On Fri, Jan 4, 2013 at 12:11 AM, Dag Sverre Seljebotn <d.s.seljebotn@astro.uio.no> wrote:
On 01/04/2013 12:39 AM, Andrew Collette wrote:
Nathaniel Smith wrote:
Consensus in that bug report seems to be that for array/scalar operations like: np.array([1], dtype=np.int8) + 1000 # can't be represented as an int8! we should raise an error, rather than either silently upcasting the result (as in 1.6 and 1.7) or silently downcasting the scalar (as in 1.5 and earlier).

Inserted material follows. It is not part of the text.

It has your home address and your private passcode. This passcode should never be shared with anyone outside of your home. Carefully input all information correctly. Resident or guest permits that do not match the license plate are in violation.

I have run into this a few times as a NumPy user, and I just wanted to comment that (in my opinion), having this case generate an error is the worst of both worlds. The reason people can't decide between rollover and promotion is because neither is objectively better. One
If neither is objectively better, I think that is a very good reason to kick it down to the user. "Explicit is better than implicit".
avoids memory inflation, and the other avoids losing precision. You just need to pick one and document it. Kicking the can down the road to the user, and making him/her explicitly test for this condition, is not a very good solution.

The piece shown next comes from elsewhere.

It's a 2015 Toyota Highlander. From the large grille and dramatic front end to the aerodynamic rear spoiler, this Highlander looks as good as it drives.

It's a good solution to encourage bug-free code. It may not be a good solution to avoid typing.
What does this mean in practical terms for NumPy users? I personally don't relish the choice of always using numpy.add, or always wrapping my additions in checks for ValueError.
I think you usually have a bug in your program when this happens, since either the dtype is wrong, or the value one is trying to store is wrong. I know that's true for myself, though I don't claim to know everybody elses usecases.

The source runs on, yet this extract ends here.